DATA:
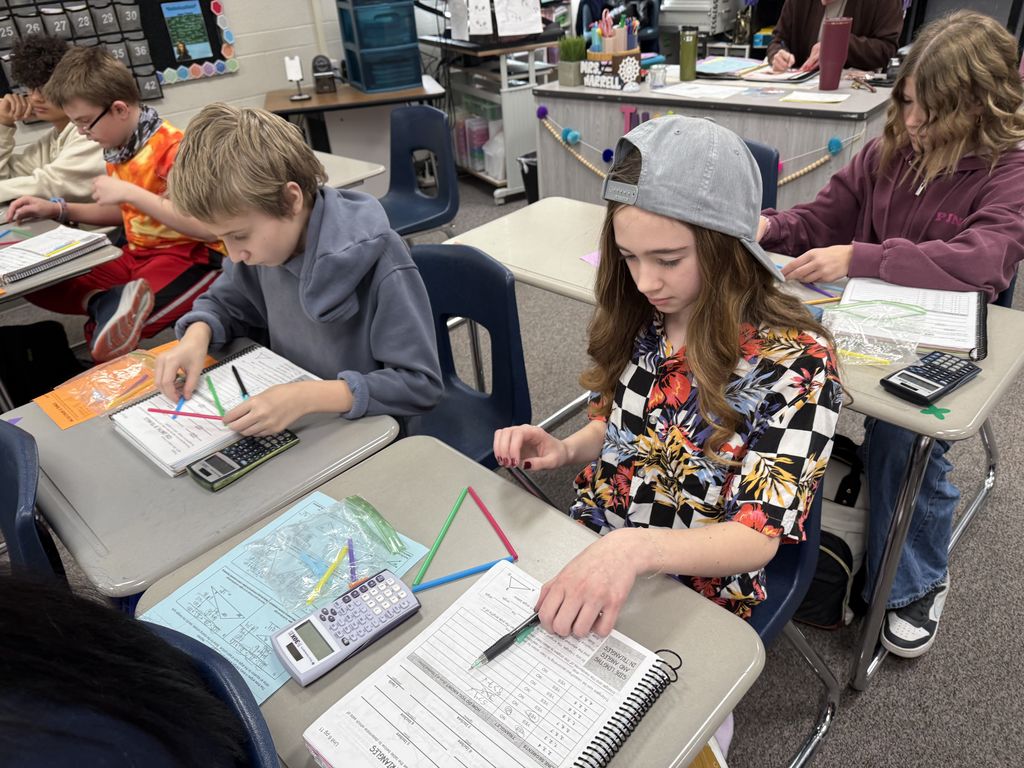 We learned that not all STRAWS can be combined to make a triangle - "Triangle Inequality Theroem"  Math Made FUN!!!  Some students really tried hard to make each combination work.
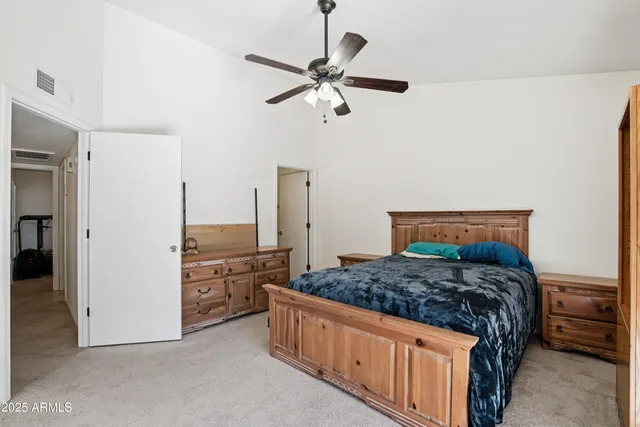 a bedroom with a bed and a dresser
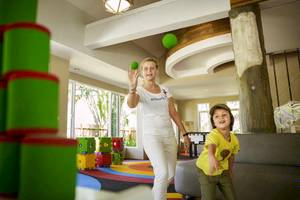 Eine Frau und ein Kind spielen im Innenbereich des Robinson Khao Lak Hotels.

EXERCISE INSTRUCTIONS:
Leave the images out and transcribe the rest of the material exactly.

RESPONSE TO THIS EXERCISE:
 We learned that not all STRAWS can be combined to make a triangle - "Triangle Inequality Theroem"  Math Made FUN!!!  Some students really tried hard to make each combination work.
 a bedroom with a bed and a dresser
 Eine Frau und ein Kind spielen im Innenbereich des Robinson Khao Lak Hotels.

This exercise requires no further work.